Lo que ocurre en la maraña y los entresijos de asociaciones religiosas y culturales ceutíes, integradas y dirigidas por personas de la comunidad musulmana rozaría lo pintoresco, si no fuese porque se encuentra realmente más cerca de lo delictivo. Con no pocas dosis de ingenuidad, que nos remiten al optimismo antropológico del anterior Presidente de Gobierno, el señor Zapatero, el actual Presidente de Ceuta, el señor Vivas, viene financiando a asociaciones religiosas musulmanas en la creencia de que tratándose de ciudadanos españoles iba a cumplirse su propósito de establecer sobre las mismas un control que no tiene. Cómo iba a ser posible lo que pretende el señor Vivas sobre tal enjambre de asociaciones, de las que casi la mitad son poco menos que fantasmas, integradas por un puñado de personas, que se repiten como miembros de otras, que tienen además el mismo domicilio social (algo veraz y comprobable).

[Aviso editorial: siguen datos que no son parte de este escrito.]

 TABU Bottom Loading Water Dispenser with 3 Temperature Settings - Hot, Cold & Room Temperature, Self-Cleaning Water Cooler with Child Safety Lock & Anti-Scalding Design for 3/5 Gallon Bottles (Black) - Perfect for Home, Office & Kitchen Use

¿A nadie se le ha ocurrido exigir las últimas actas a estas asociaciones para comprobar la veracidad de sus actuaciones y gastos originados por las mismas? Pues así habría de ser cuando se trata de dinero público que sale del bolsillo de todos los contribuyentes, musulmanes y no musulmanes.
Si todo ésto no deja de ser poco ajustado a la reglamentación que encauza la política de subvenciones públicas, cuando se trata además de que algunos por ejercer de musulmanes (¡como si se tratase de una profesión!) no sólo no aportan nada a la paz pública, sino que son claros adversarios de la misma por su prédica radical, el asunto adquiere ribetes más serios y preocupantes. Lo que faltaría sería que estuviésemos financiando actividades de salafistas y otros extremistas similares.

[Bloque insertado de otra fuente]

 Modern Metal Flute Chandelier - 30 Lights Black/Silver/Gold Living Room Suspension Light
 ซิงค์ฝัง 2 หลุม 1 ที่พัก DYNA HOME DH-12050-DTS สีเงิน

Tendría que tomar ejemplo el señor Vivas de su homólogo el Presidente de la Ciudad Autónoma de Melilla, que, al parecer, no suelta un euro a todas esas cofradías de farsantes. Quizás ahí esté la explicación del por qué algunos han emigrado de una ciudad a otra para ejercer de profesión musulmán.

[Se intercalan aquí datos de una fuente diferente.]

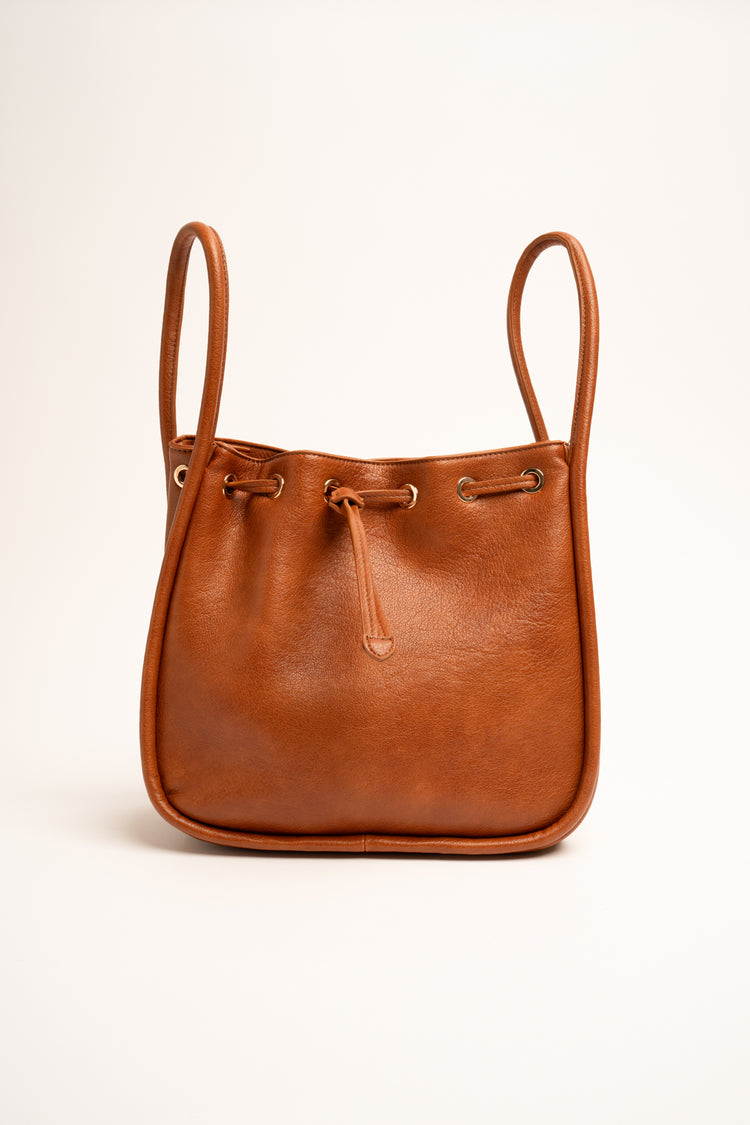 Cognac faux leather bucket bag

La propuesta alternativa es que todo, o parte de ese dinero mal empleado, vaya a saberse dónde destinado, para provecho de quién y escamoteado al ojo de la Agencia Tributaria, tenga que ser justificado de forma rigurosa para que nadie tenga que comparecer ante los Juzgados a dar explicaciones que comprometan a algunos y acaben tiznando con grueso trazo a los responsables máximos de todo el tinglado. Cuánto mejor no habría sido dedicarlo a financiar proyectos serios para recuperar a todos esos jóvenes de las barriadas necesitadas, que más temprano que tarde arruinan sus vidas en la cuneta del anonimato de los pobres. Esperemos que las autoridades tengan capacidad de reacción y comience a abrirse la esperanza para muchos muchachos que de esa forma pudiesen llegar a vislumbrar un futuro más digno que el destino de la barbarie siria, pongo por caso. Podrían comenzar con una campaña de sensibilización de la juventud, pero sin acudir a los nefastos indoctrinadores de siempre. Más pan y menos falsos profetas.